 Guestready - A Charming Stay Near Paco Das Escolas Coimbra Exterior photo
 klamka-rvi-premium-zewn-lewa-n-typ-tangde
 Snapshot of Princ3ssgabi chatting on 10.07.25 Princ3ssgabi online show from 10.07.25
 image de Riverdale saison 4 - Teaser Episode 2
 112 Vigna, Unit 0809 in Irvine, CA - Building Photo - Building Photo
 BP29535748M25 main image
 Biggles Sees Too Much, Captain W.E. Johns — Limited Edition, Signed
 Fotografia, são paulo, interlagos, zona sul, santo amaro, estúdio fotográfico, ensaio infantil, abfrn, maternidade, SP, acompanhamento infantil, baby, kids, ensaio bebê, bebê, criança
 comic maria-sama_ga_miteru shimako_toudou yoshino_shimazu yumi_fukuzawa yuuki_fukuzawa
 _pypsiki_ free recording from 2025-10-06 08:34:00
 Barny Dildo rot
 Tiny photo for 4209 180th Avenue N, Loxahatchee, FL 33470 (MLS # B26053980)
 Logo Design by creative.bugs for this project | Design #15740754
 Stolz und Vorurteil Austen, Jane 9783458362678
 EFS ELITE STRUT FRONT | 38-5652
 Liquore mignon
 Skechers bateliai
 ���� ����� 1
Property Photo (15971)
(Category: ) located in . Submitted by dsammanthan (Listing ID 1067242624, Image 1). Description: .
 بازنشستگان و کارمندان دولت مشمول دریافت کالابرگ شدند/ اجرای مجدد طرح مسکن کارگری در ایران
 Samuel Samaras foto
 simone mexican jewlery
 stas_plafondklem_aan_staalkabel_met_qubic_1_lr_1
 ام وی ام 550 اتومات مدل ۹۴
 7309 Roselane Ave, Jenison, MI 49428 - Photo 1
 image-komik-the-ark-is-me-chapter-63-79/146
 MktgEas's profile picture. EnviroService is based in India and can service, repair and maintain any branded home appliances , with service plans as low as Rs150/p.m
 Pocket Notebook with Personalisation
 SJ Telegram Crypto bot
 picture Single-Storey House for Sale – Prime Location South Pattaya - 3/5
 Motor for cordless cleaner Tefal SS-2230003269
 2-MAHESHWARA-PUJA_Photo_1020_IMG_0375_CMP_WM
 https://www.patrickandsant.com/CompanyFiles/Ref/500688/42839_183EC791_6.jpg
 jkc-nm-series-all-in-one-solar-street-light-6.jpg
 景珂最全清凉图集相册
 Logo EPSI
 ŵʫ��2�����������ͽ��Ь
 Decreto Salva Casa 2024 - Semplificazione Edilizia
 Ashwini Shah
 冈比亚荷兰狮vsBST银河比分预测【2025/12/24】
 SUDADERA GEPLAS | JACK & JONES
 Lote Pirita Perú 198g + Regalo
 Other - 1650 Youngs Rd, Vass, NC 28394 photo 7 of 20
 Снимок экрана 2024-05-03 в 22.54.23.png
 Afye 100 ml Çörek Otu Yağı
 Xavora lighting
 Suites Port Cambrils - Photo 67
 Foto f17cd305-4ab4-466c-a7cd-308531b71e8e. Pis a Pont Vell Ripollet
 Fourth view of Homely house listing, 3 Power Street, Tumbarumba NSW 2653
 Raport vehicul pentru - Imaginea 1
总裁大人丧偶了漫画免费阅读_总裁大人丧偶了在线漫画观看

════════

Note how many lines of the entries contain the string "picture", then give that number by itself.

- **Written answer**
2